I notice that you tell people to come to Arbital, but it is still invite-only.
we couldn’t settle on what we wanted the users to do once they were on the platform
″...the street finds its own uses for things”—William Gibson
Have you considered letting users play freely and then learning from them instead of trying to construct an optimal-by-some-criteria maze that mice surely will joyfully choose to run through?
How is it invite only? Are you talking about the comment section?
Originally the plan was to do exactly that if we couldn’t figure how to build a “joyful maze”: just throw open the doors and see what people do with it. Unfortunately there is still a significant amount of work left to do that well, and right now I’m more optimistic about the new platform than I am about scavenging the current version.
The last time I tried making an Arbital account, it failed. Does it require human approval? Then it’s still invite-only. Is it broken? Then that’s why no-one signed up.
Not someone with sufficient authority, just the blog owner. That seems fair though. You can create you own blog and then you would be in charge of which comments to approve.
I am sure you are well aware of how default-approve (=blacklisting) and default-deny (=whitelisting) policies affect the popularity and usage of publishing platforms.
Why do you think it’s a better decision to switch strategy to a microblogging platform instead of switching strategy to being as open and as inviting of contribution as possible?
Currently it’s not clear to anyone what Arbital is, what it can do, who it’s for, etc.. It needs to solve a real problem and present itself as solving that clear problem.
The tech we used is now somewhat obsolete. The codebase has accumulated a lot of unnecessary features. Also Google Material UI turned out to be too heavyweight and not as pleasant to design with as I thought initially. (These are all arguments for remaking the platform.)
The blogging platform will be “as open and as inviting of contribution as possible.”

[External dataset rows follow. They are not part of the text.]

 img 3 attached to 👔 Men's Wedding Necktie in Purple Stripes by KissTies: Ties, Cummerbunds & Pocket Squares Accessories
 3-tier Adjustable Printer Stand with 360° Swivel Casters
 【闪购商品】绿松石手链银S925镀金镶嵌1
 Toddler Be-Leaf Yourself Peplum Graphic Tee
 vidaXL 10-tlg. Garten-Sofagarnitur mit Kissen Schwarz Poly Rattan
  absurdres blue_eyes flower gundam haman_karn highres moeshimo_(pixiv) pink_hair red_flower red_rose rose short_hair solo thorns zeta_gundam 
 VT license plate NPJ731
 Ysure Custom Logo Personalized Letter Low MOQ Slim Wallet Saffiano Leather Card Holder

Ok, but when you do create “Arbital 2.0”, the best thing you can do to help it succeed is to have a pre-existing base of users who are interested in using it, especially the smaller number but extremly important “power users” who will be the ones who generate most of your content, and a lot of good content you can move over from your old site.

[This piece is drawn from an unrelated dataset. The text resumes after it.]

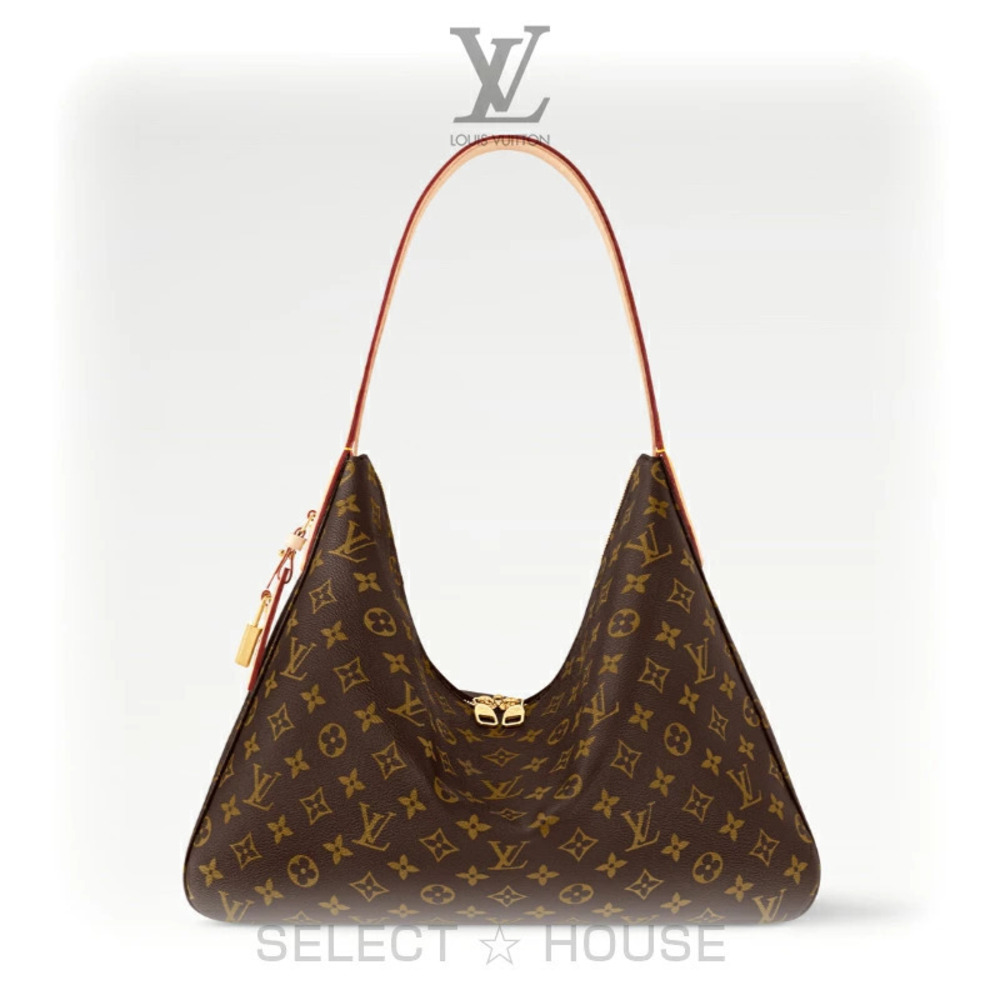 Louis Vuitton Slouchy Shoulder Bag White Brown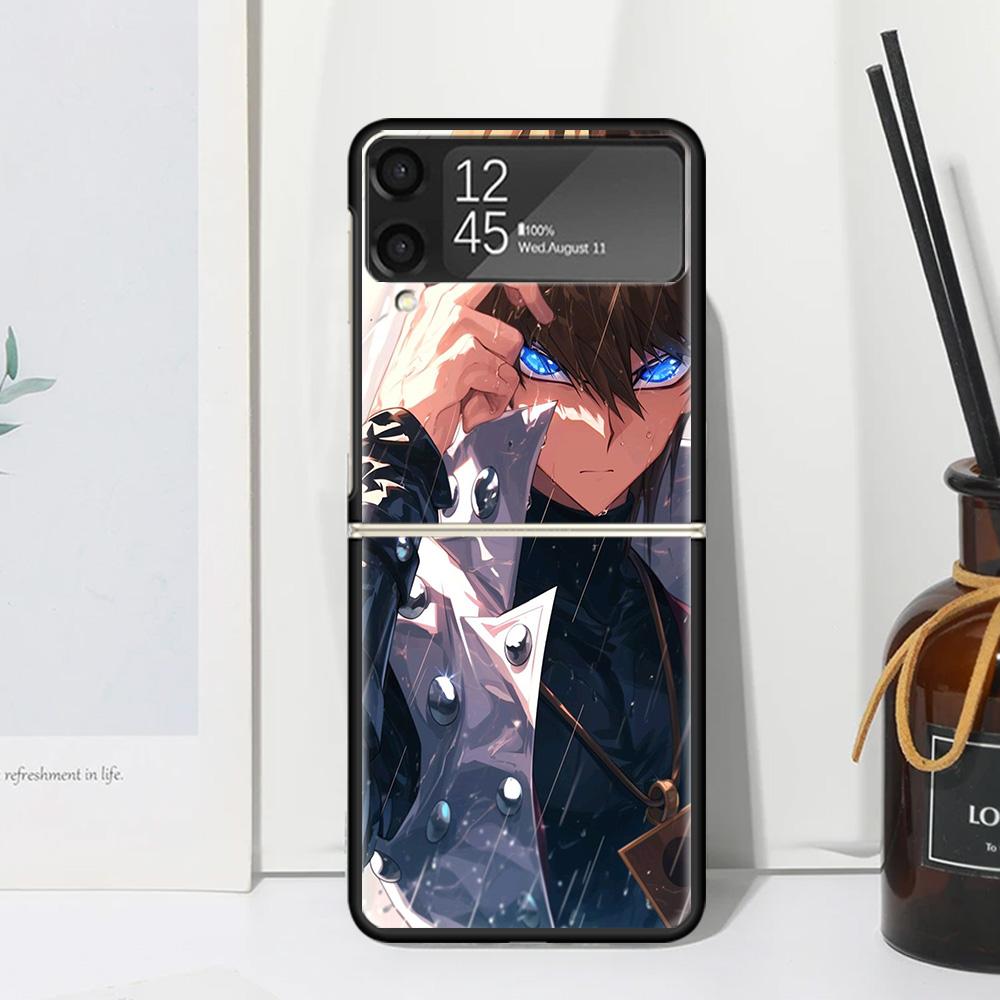 Чехол для телефона Yu-Gi-Oh для Samsung Galaxy Z Flip 7 6 5 4 3 5G Flip3 Flip4 Flip5 ZFlip6 ZFlip7 Черный Fundas Galaxy Z Flip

Anything you can do to encourage people to be more active now at creating content (including comments) and interacting with the site in general probably included your odds of success long-term.
The start page also direct me to the latest discussions the way the reddit start page does. It’s hard to actually find the discussions.
If I go to a discussion like https://arbital.com/p/requisites_for_personal_growth/, there’s no text field in which I can leave my comment, like there’s on reddit (and here) or blogs that have a comment sections. I can click the button “Propose comment” but that design suggests to me that commenting isn’t supposed to be my default reaction.
Correct. We (somewhat prematurely) worried about trolls, so by default people can only propose comments. And it would be up to Toon to approve them. (If there is sufficient demand, I can add a feature to let users have open commenting. But in general adding features to old Arbital is not high on my priority list.)
So, if I understand this correctly, you had a non-promoted invite-only platform which you think failed because not enough people contributed content?
I am confused. Surely it crossed someone’s mind at some point...
See this comment: http://lesswrong.com/lw/otq/whats_up_with_arbital/dq9h
I think we likely made a mistake with respect to openness, but it’s not obvious when/how. Probably the biggest problem is that we couldn’t settle on what we wanted the users to do once they were on the platform.
Any. Fucking. Time.
I notice that you tell people to come to Arbital, but it is still invite-only.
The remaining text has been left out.